TASK ITEM. Print each line below verbatim, skipping every picture.

(Spatial localization data)
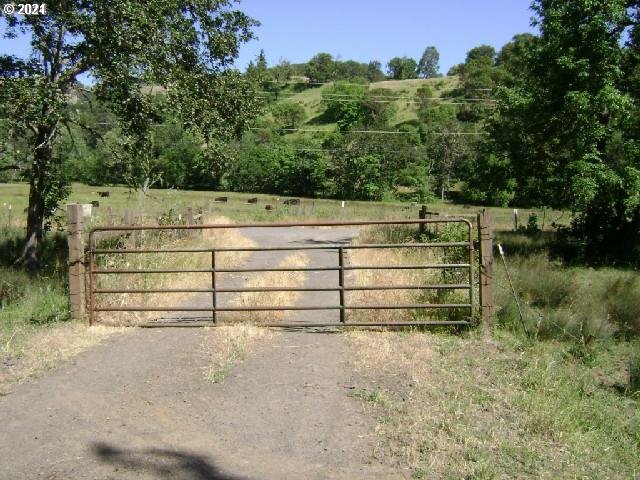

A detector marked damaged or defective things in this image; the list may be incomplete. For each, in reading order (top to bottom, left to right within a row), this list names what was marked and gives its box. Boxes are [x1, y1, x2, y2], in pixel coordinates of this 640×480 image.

rusty metal gate [86, 219, 476, 328]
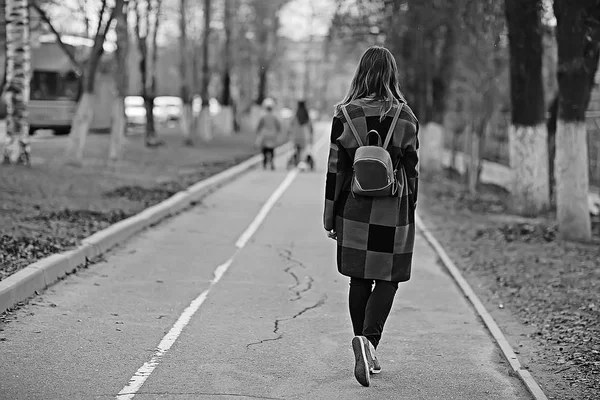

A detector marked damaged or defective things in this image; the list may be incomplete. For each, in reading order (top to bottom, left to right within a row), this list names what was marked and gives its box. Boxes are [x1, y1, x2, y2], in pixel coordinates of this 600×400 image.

crack in asphalt [245, 294, 326, 350]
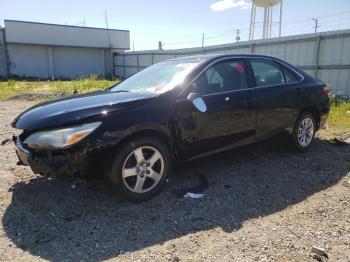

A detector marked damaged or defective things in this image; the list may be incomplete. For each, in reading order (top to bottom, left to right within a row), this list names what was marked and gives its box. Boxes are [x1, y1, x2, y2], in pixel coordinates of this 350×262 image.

ANSWER TO THIS TASK.
A detector marked damaged or defective things in this image; the list may be incomplete. For each, in reading order (top to bottom, left to right within a row), this list names what was marked and gives its box. Boxes are [x1, y1, x2, y2], in pixel coordinates of this 640×480 image.

rusty metal gate [86, 219, 476, 328]

A detector marked damaged or defective things in this image; the list may be incomplete. For each, in reading order (top to bottom, left to right within a row), this list names what was marked and gives its box. Boxes are [x1, y1, x2, y2], in pixel coordinates of this 600×400 image.

crack in asphalt [245, 294, 326, 350]

A detector marked damaged or defective things in this image; the list may be incomplete. For each, in reading order (top to bottom, left to right within a row), this list names what was marked and gives its box. Boxes are [x1, y1, x2, y2], in pixel coordinates of this 350×262 image.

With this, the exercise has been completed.